Alberto Giacometti, noto per le sue sculture esili e filiformi, espone al Man di Nuoro settanta opere, accostate in un gioco di assonanze tematiche e iconografiche a preziosi reperti archeologici provenienti da noti musei italiani, rivelando dunque l’attrazione dell’artista verso la statuaria antica. Le sue figure silenti, immobili o in cammino, ricordano la fermezza dei kouroi greci, la fissità degli idoli africani, la solennità della scultura egiziana.

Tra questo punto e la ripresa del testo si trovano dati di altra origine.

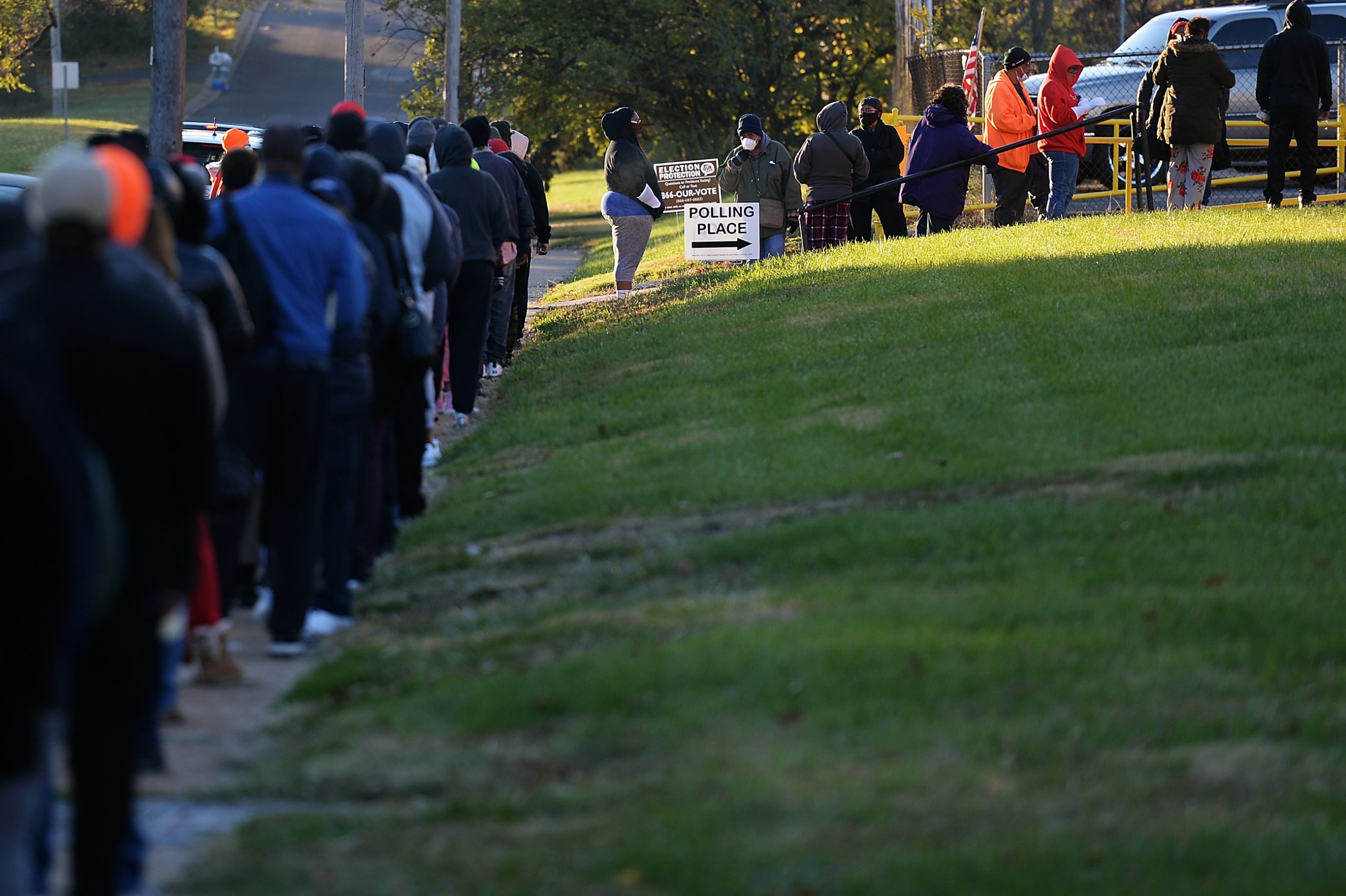 The line of voters is long, wrapping down a pathway up to the building and alongside the road. People are dressed in coats and wearing face masks. A sign says "Polling Place" with an arrow.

I capolavori del passato sono prelevati dal loro tempo e ricontestualizzati nella sfera contemporanea, quella della materia scavata e percorsa nei suoi meandri con l’intensità appassionata che ricorda Medardo Rosso, o di apparenze levigate come quelle di Rodin. Egli vuole tracciare una mappa delle culture antiche da lui più amate e delle rispettive iconografie, utilizzate come modelli per un percorso scultoreo finalizzato a eternare l’uomo della modernità mediante la rappresentazione delle sue peculiarità originarie e avite.

L’iconografia egizia, ad esempio, è incarnata dal corpo stilizzato e dall’impostazione frontale e ieratica nella Femme qui marche, che porta avanti la gamba sinistra come i Dioscuri di Delfi ma ha una superficie bronzea liscia e un andamento più morbido e flessuoso. Annette assise, nonostante l’aspetto rachitico e scabro, rievoca i dignitosi oranti egizi e la posa delle lamentatrici del mondo antico. Alla scultura greca, e nella fattispecie alle piccole e compatte kore bronzee con le braccia stese lungo il corpo, si accostano le opere giacomettiane più piccole come l’immagine delicata ed esile di Silvio debout.

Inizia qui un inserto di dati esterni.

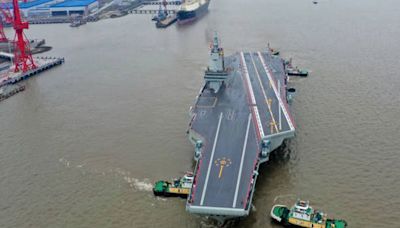 China's huge new aircraft carrier makes inaugural voyage as expert lays bare threat to US fleet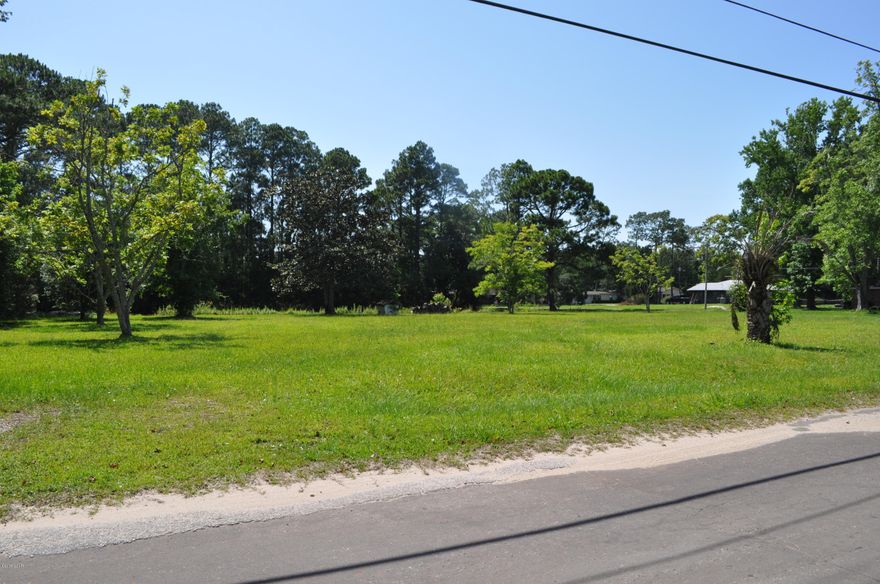 1.72 acres and a pond in Panama City! Build your dream home or subdivide and build several for an investment. Situated on a corner, this property is in the very quiet Highland Park area close to schools, shopping, medical facilities and much more.  There is a deep well on the property and sewer tap fee already paid.   All info is approx. and must be verified by Buyers if important.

Lo spiritualismo dell’arte africana rivive nella fecondità delle figure nigeriane dal ventre disteso e allungato, che nella scultura di Giacometti diventano spunto di sculture dal capo esiguo e dal busto fortemente dilatato in senso verticale; e se la linearità delle opere dello scultore è composta e armonica, ciò è da ricondurre al dialogo con le forme oblunghe etrusche, come quelle dei sacerdoti-indovini del museo romano di Villa Giulia o della statuetta volterrana Ombra della sera. La presenza di bronzetti nuragici, inoltre, manifesta un vincolo con la cultura sarda, che tra l’età del bronzo e quella del ferro sforna guerrieri dai corpi smilzi e sintetici come quelli di Giacometti.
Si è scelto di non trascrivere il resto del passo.